Frequently Asked Questions
What problem does Sidedoc solve?
Current document workflows force a painful tradeoff: AI tools work efficiently with plain text, but humans need rich formatting. The typical solutions are inadequate:
| Approach | Problem |
|---|---|
| Extract content with Document Intelligence | Loses formatting connections; can't update original |
| Convert with Pandoc | One-way; repeated conversions degrade formatting |
| Parse docx XML directly | Expensive (15,000+ tokens); complex; brittle |
| Store everything as markdown | Humans get ugly, unformatted documents |
Sidedoc solves this by maintaining two synchronized representations: clean markdown for AI efficiency and formatted docx for human consumption. Edit either one, and changes propagate to the other without losing formatting.
Why not just use Pandoc?
Pandoc is excellent at one-way conversion, but it wasn't designed for round-trip workflows:
- No formatting memory: Pandoc doesn't remember the original document's fonts, colors, or custom styles
- Lossy round-trips: Each markdown → docx → markdown cycle loses information
- No maintained link: Once you convert, there's no connection between source and output
- Generic output: Generated docx uses default styles, not your corporate templates
Sidedoc differs by storing formatting metadata alongside content. When you edit the markdown and rebuild, Sidedoc reapplies the original formatting—fonts, sizes, colors, alignment—automatically.

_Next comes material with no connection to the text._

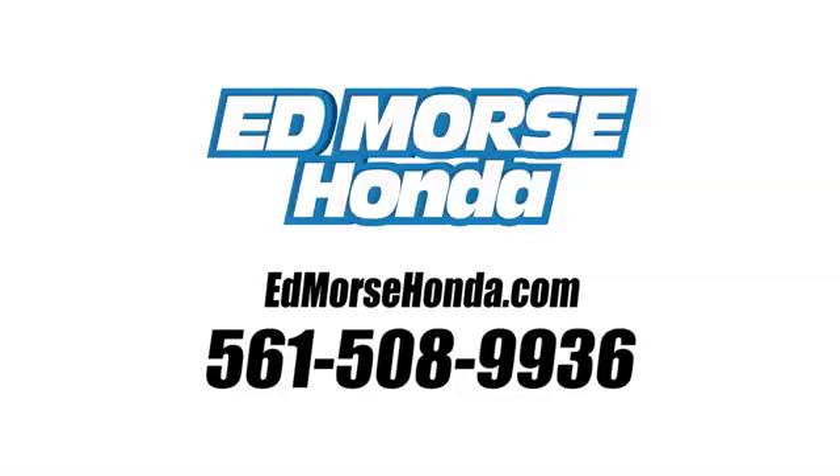Hurry in today for a test drive. Call us today at 561-508-9936.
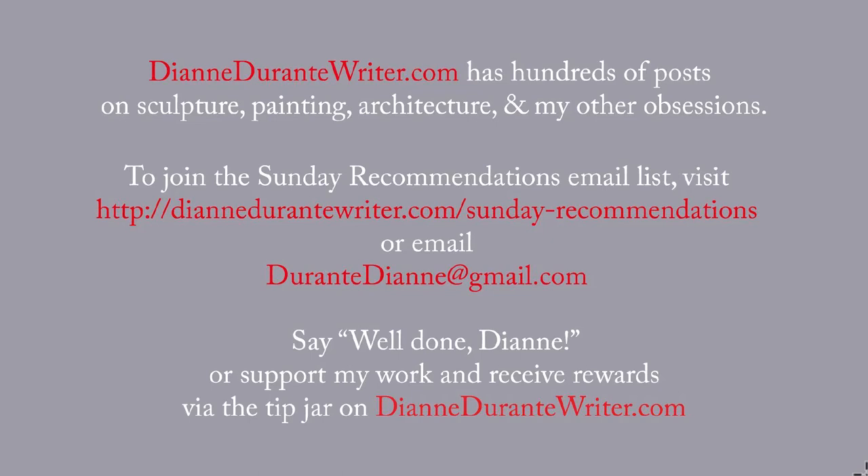You can support my work and receive rewards by means of the tip jar on DianeDurantyWriter.com. As always, thank you for listening.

Why not store documents as pure markdown?
Pure markdown works for technical documentation, but fails for business documents:
- Formatting matters: Quarterly reports, proposals, and contracts need specific fonts, colors, and layouts
- Brand consistency: Organizations have style guides that plain markdown can't enforce
- Human expectations: Non-technical stakeholders expect Word documents, not raw text files
Sidedoc gives you both: AI works with clean markdown (efficient, diffable, version-controllable) while humans receive properly formatted Word documents (professional, branded, familiar).
Why markdown instead of HTML or plain text?

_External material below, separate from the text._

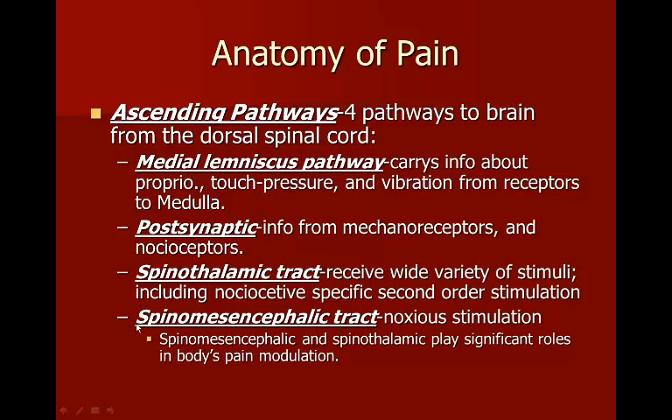Through evolution, the body learned that certain stimulations require a quick reaction. For example, if a caveman picks up a hot rock from a fire, the stimulation via the spinal mesencephalic tract would travel from the hand up to the brain, the brain would interpret it as a burning hot rock, decide what to do, and send a message back down to release it — meanwhile the hand keeps burning. Scientists think we developed the spinothalamic tract as a shortcut, so when you touch something hot or sharp, you automatically let go or recoil.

We chose markdown because it hits the sweet spot:
| Format | Pros | Cons |
|---|---|---|
| Plain text | Simple | No structure; can't represent headings, lists, emphasis |
| HTML | Rich structure | Verbose; mixes content with presentation; harder for AI |
| Markdown | Clean structure; readable; compact | Limited formatting (which is actually fine for content) |
Markdown provides enough structure (headings, lists, emphasis, images) to represent document content while staying clean and AI-efficient. The formatting details that markdown can't express (fonts, colors, exact spacing) are stored separately in styles.json.
Why use a ZIP container instead of a single file?

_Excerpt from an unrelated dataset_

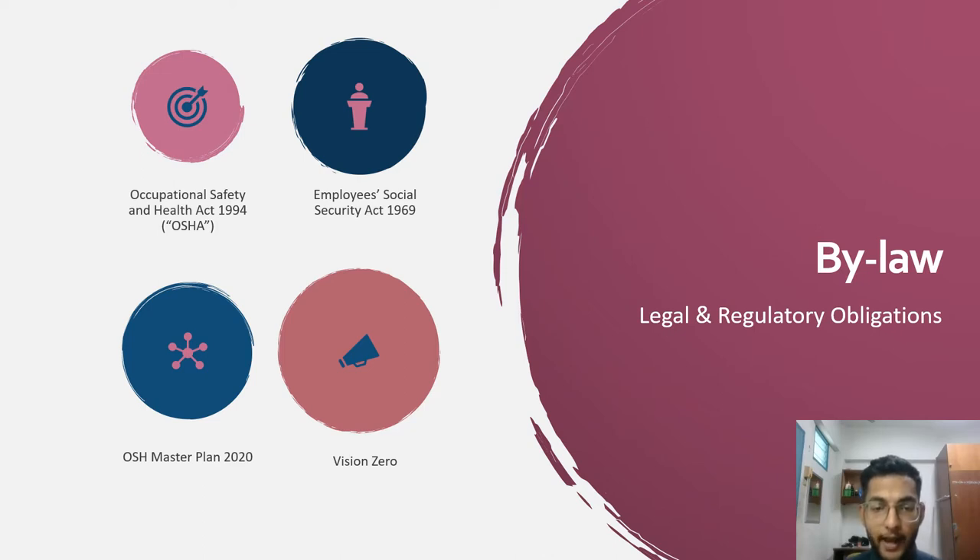Next, the Employee Social Security Act 1969. This important legislation protects employees during their course of employment. It provides social security for employment injuries in favour of the employee. Under the act, employees have the right to claim benefits such as Medical Benefit, Disablement Benefit, Constant Attendance Allowance, Dependent Benefit, Funeral Benefit, Survivor Pension and Invalidity Pension. The Social Security Organization, known as SOCSO, was established under the Ministry of Human Resources to administer and enforce the Employee Social Security Act 1969 and Employee Social Security General Regulation 1971. The Employment Injury Scheme under SOCSO provides protection against occupational injuries including occupational disease and commuting accidents.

The ZIP container approach has several advantages:
- Separation of concerns: Content, structure, styles, and assets live in separate files
- Easy debugging: Unzip and inspect any component with standard tools
- Selective access: Read just
content.mdwithout parsing everything - Binary asset handling: Images stored as-is, not base64-encoded inline
- Familiar pattern: docx, xlsx, and epub all use ZIP containers internally
You can inspect a sidedoc with standard tools:
# View the markdown content
unzip -p document.sidedoc content.md
# Extract everything for debugging
unzip document.sidedoc -d ./unpacked/
Why block-level sync instead of character-level?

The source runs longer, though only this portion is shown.